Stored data
- - -

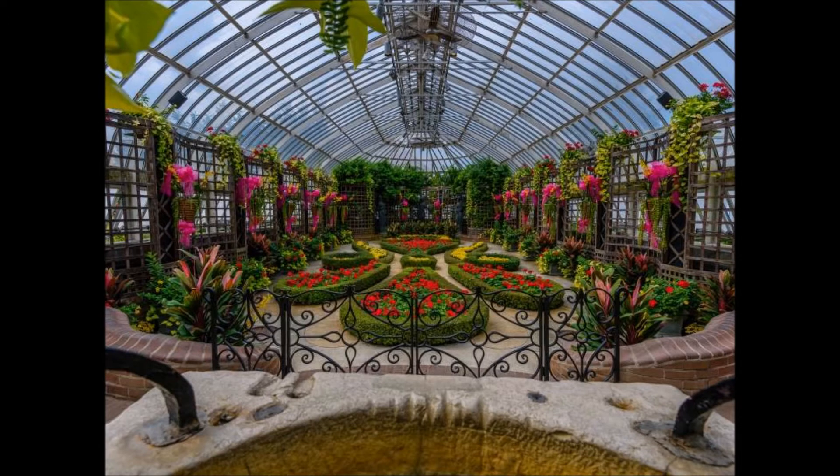This should be Phipps Conservatory and Botanical Gardens. There's a lot of insects over there. Yeah, it looks like a lot of cobwebs everywhere. It has gates and it has a fountain. It has a lot of ceilings over there.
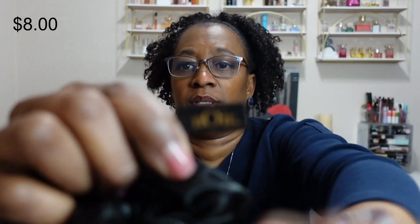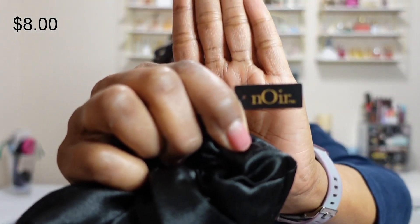Next we have some scrunchies. The brand appears to be NOR. It's a black satin scrunchie — you can put your hair up with it, or some people just wear them on their wrist.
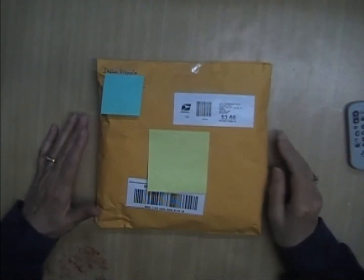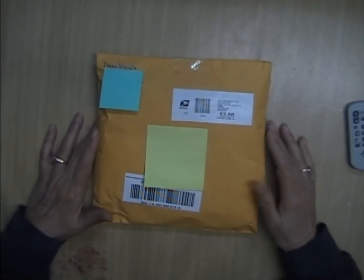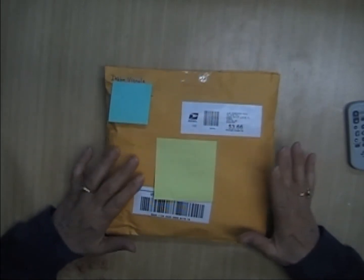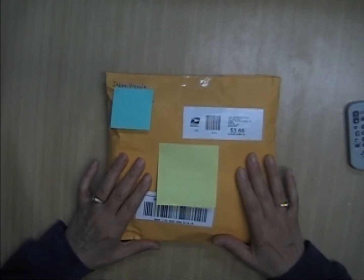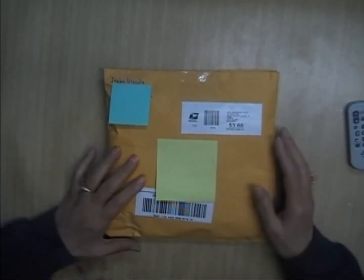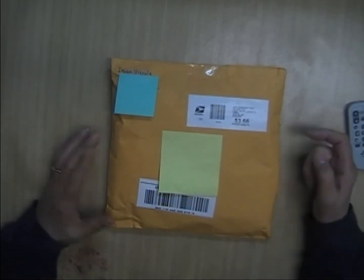Hi everyone, it's Donna here from Donna's Vintage Cottage. I'm here with a quick video to show you some happy mail that I just got. This is coming to me from Debbie Vignola. She participated in my challenge, which is still open through the end of January — I'll put the link down below, as well as the link to Debbie's channel.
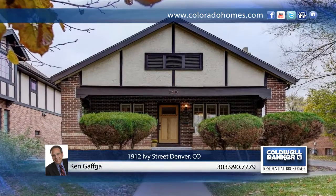Don't miss this rare opportunity to call this classic South Park Hill bungalow home. Located on one of the best streets in the South Park Hill neighborhood, this extensively remodeled four-bedroom, two-bath home has so much to offer.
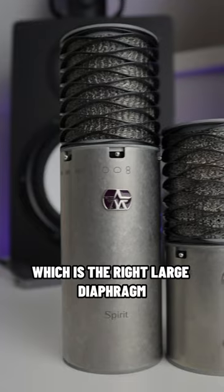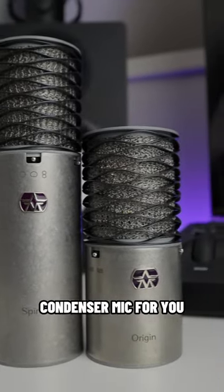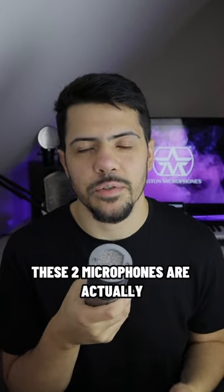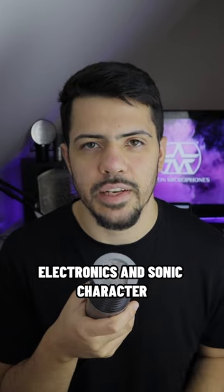The Aston Origin or the Aston Spirit — which is the right large diaphragm condenser mic for you? Let's talk about it. Despite sharing many design features, these two microphones are actually quite different when it comes to their electronics and sonic character.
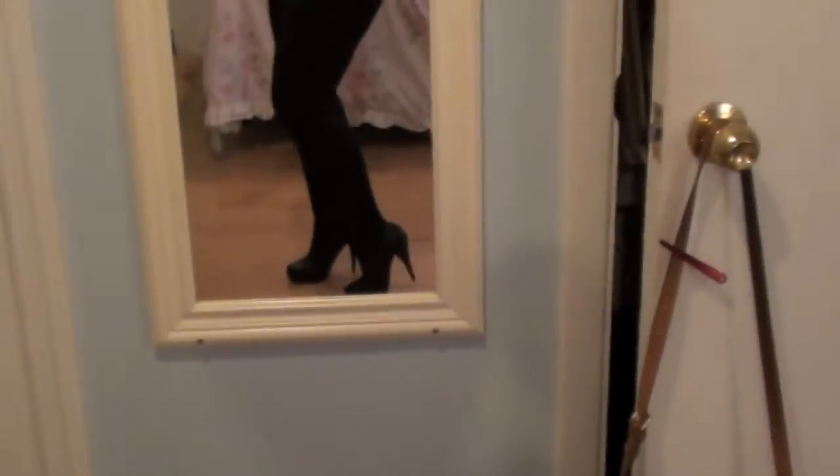I got these really nice heavy duty leggings from New York and Company. My shoes are from Forever 21 and they're just like little booties. They really blend in with my leggings.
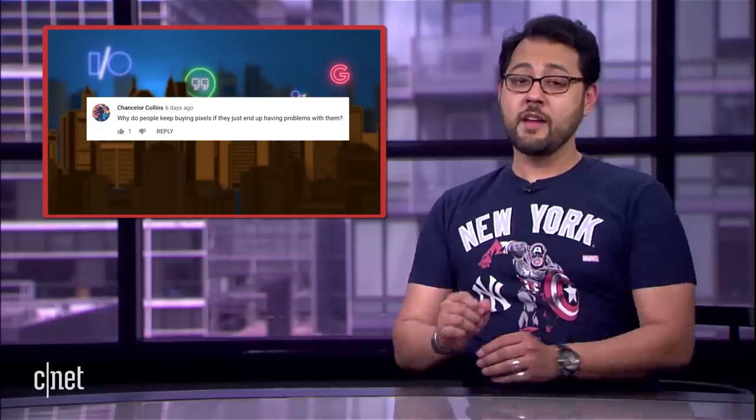Today, we're talking about the Nest Hub Max assistant, your comments, and more. But first up, let's go to Pixel Park.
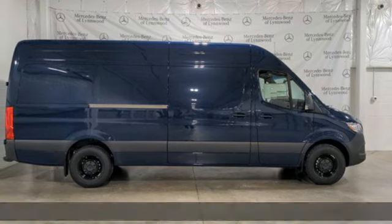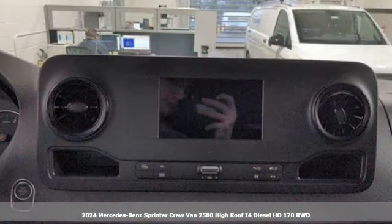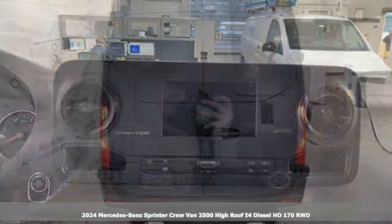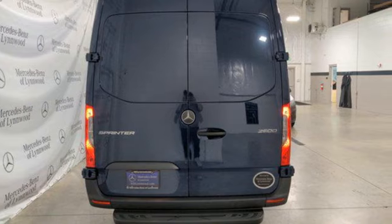Here's a new 2024 Mercedes-Benz Sprinter Crew Van. Bring your crew and all their gear to any job with this flexible Sprinter, and get ready for an impressive combination of features.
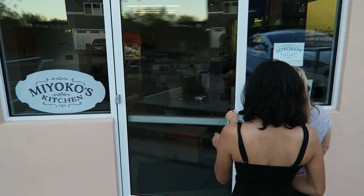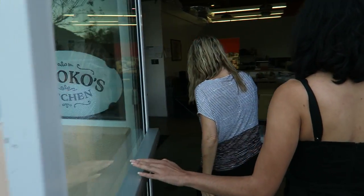We just got here and we're so excited to go in! Hey everyone, I'm Miyoko and I want to welcome you to Miyoko's Kitchen.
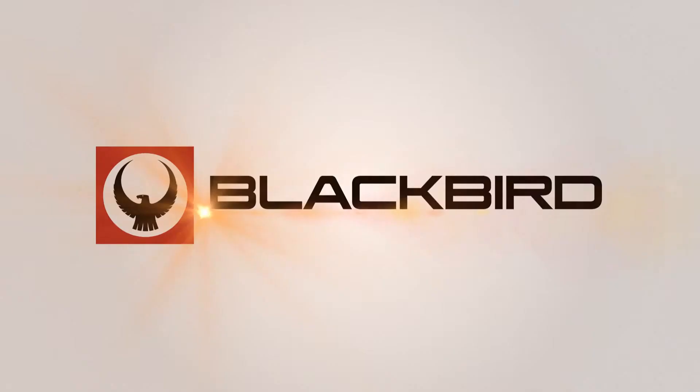That will conclude our tour of 2127 Pine Breeze Lane. Thank you for watching.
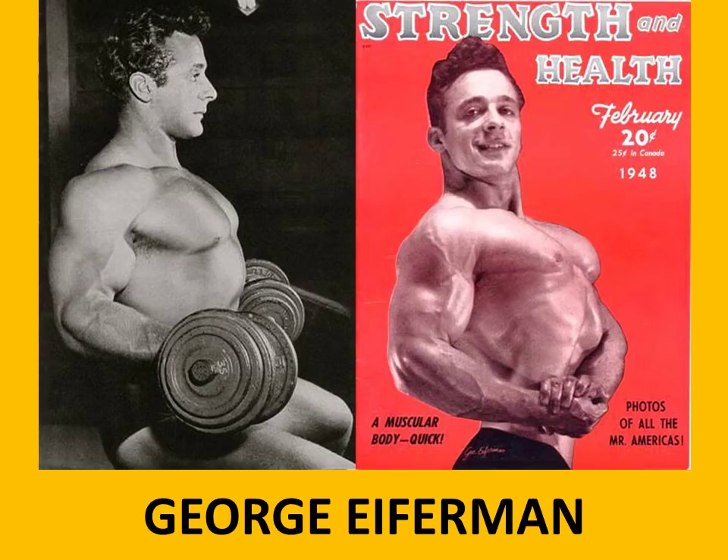Another great bodybuilder of the time was George Eiferman. He's just sitting there doing some dumbbell curls and you can see he's got a rather enormous chest. He was very well known for his ribcage development and his well-developed chest muscles. I love the old version of the side chest pose, which really shows off the ribcage development in all of these bodybuilders.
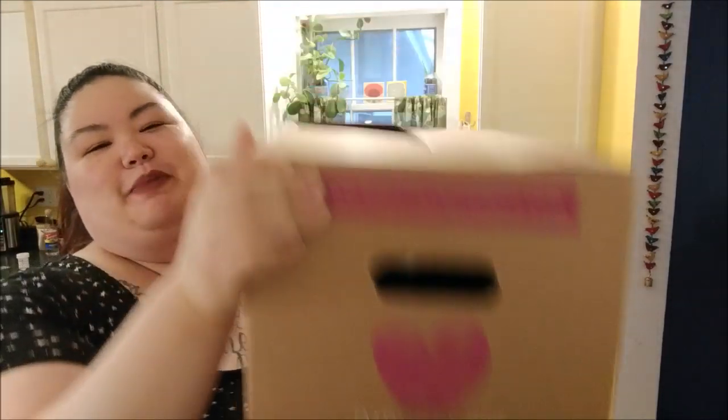It's the Imperfect Produce box. In case you don't know what that is — which is highly likely because I had never heard of it before I stumbled upon it — I'm super pumped to share it.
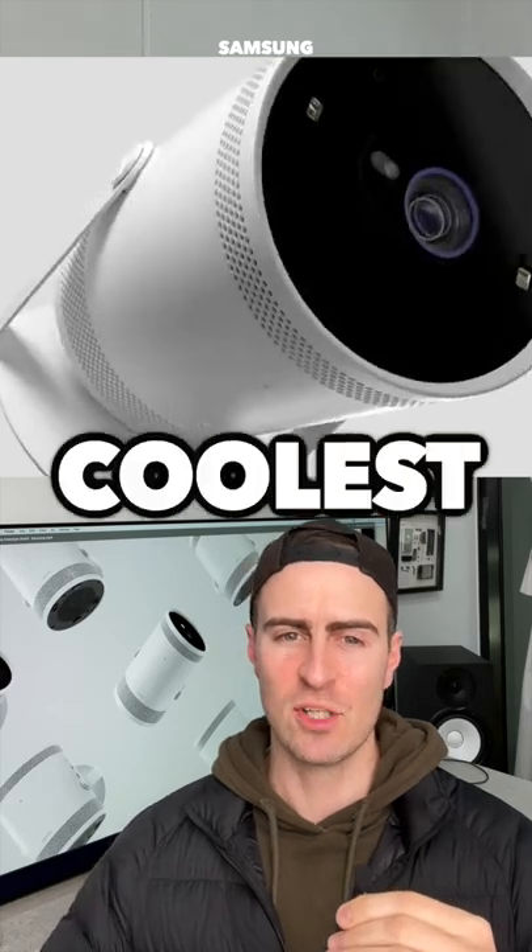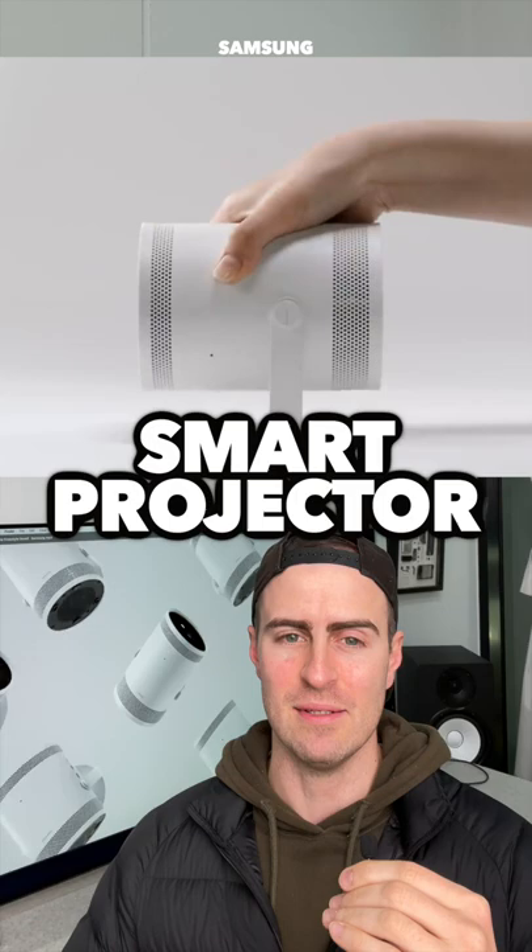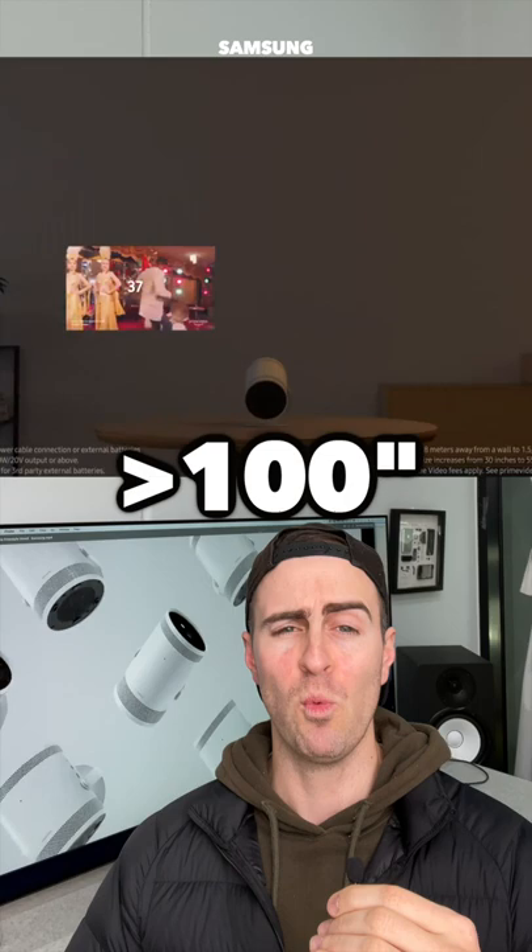Is this the coolest new tech product? Samsung just released the Freestyle Portable Smart Projector. You can play games, watch Netflix or YouTube anywhere, even on your ceiling. It goes up to 100 inches in size.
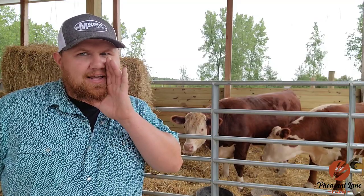Hey Pheasant Lane fam, I hope you're doing well. My name is Robert and this is Pheasant Lane Farm. Today is butcher day. See those ears perk up? They know.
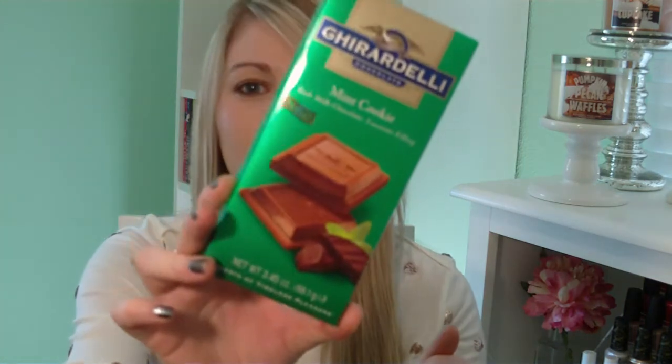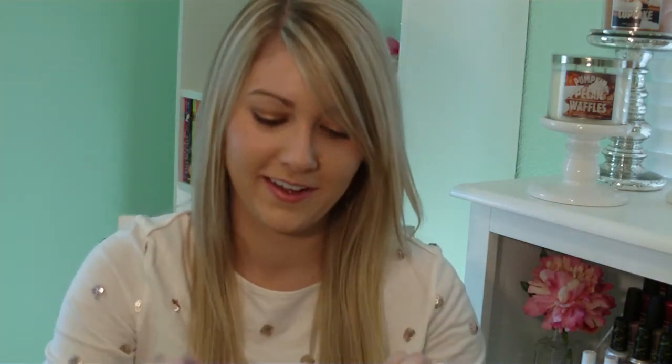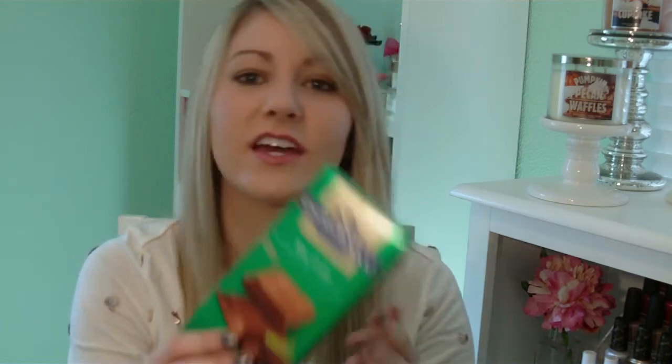Oh my gosh, this is what was so heavy! This is a Birchbox find and it is a huge piece of chocolate — mint cookie rich milk chocolate with luscious filling, and it has eight pieces of chocolate. That's a really big sample, but I mean, chocolate — I would prefer not to get food items in my subscription boxes, but it is what it is.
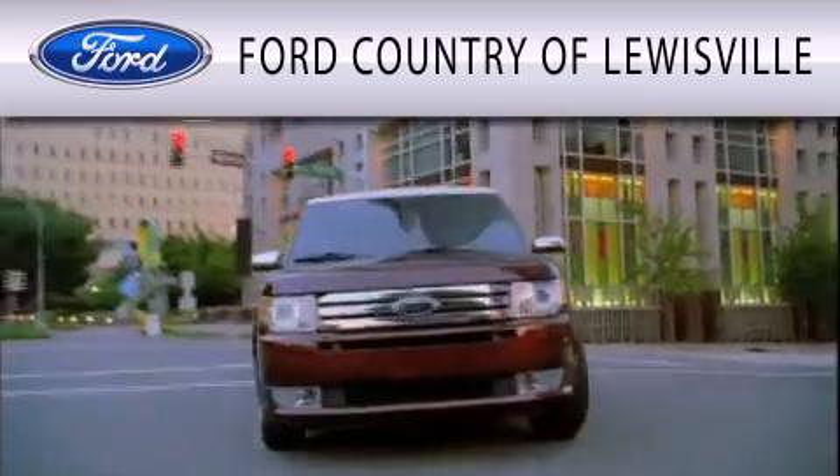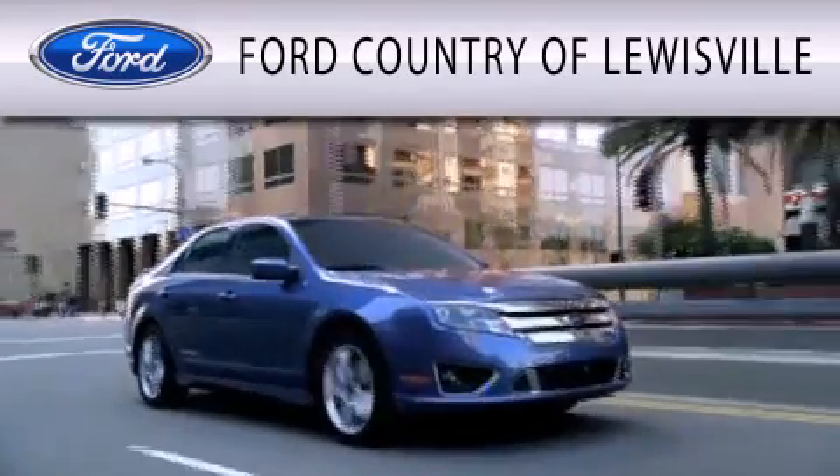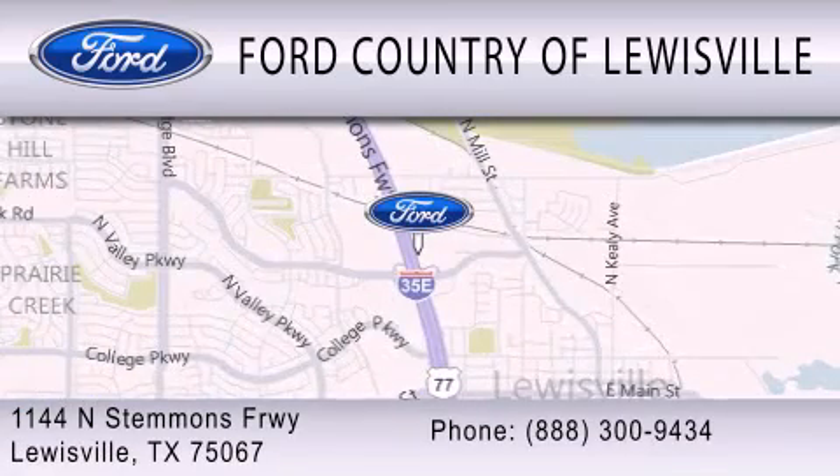Ford Country of Louisville is dedicated to doing everything possible to ensure that the experience you have selecting your vehicle is as pleasant as possible. We are located at 1144 North Stemmons Freeway in Louisville.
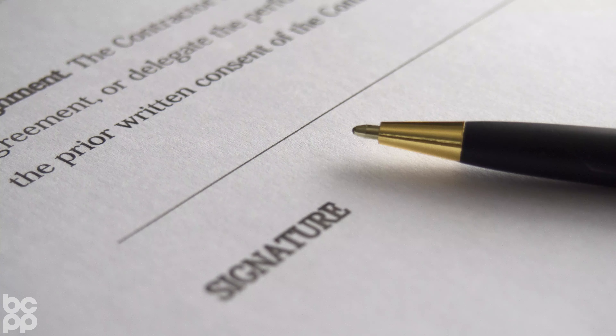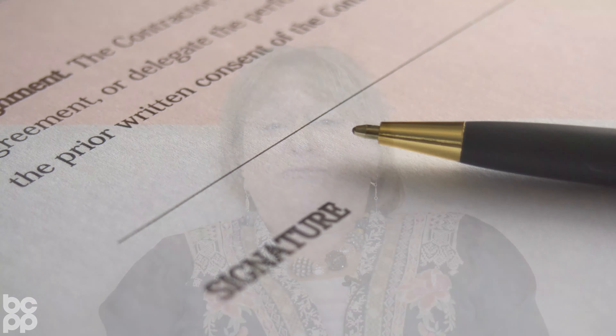In the early 80s, when we were developing our natural line of furniture, the state of California passed a law — California 117 — that required every mattress and piece of furniture made in California or sold in California to contain fire retardants in every single component of the piece of furniture.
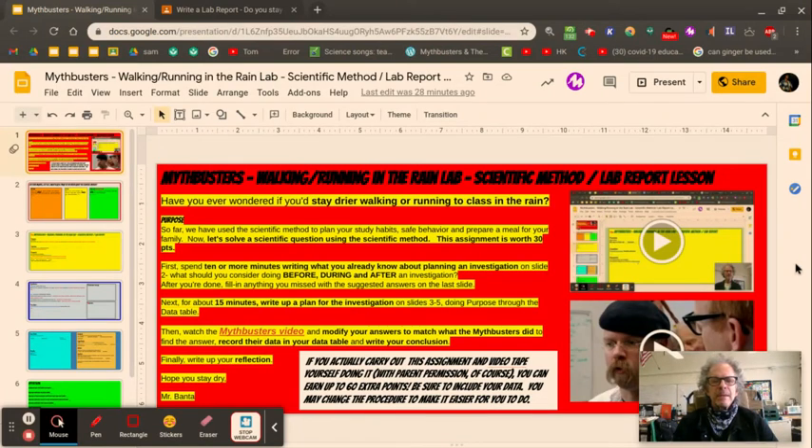Hey everybody, good decision to come and watch this video. I'm going to help you get an A on this assignment. I gave this assignment watching the Mythbusters video about walking or running in the rain last week so you could see basically what the roadmap is to doing a scientific investigation and for you to wrestle with it on your own.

- - -

- **Aim of the exercise**
Repeat exactly the lines above, beginning at the one containing "Ford Country of" and ending at the one containing "In the early". Do not carry over any pictures.

- **Exercise response**
Ford Country of Louisville is dedicated to doing everything possible to ensure that the experience you have selecting your vehicle is as pleasant as possible. We are located at 1144 North Stemmons Freeway in Louisville.
In the early 80s, when we were developing our natural line of furniture, the state of California passed a law — California 117 — that required every mattress and piece of furniture made in California or sold in California to contain fire retardants in every single component of the piece of furniture.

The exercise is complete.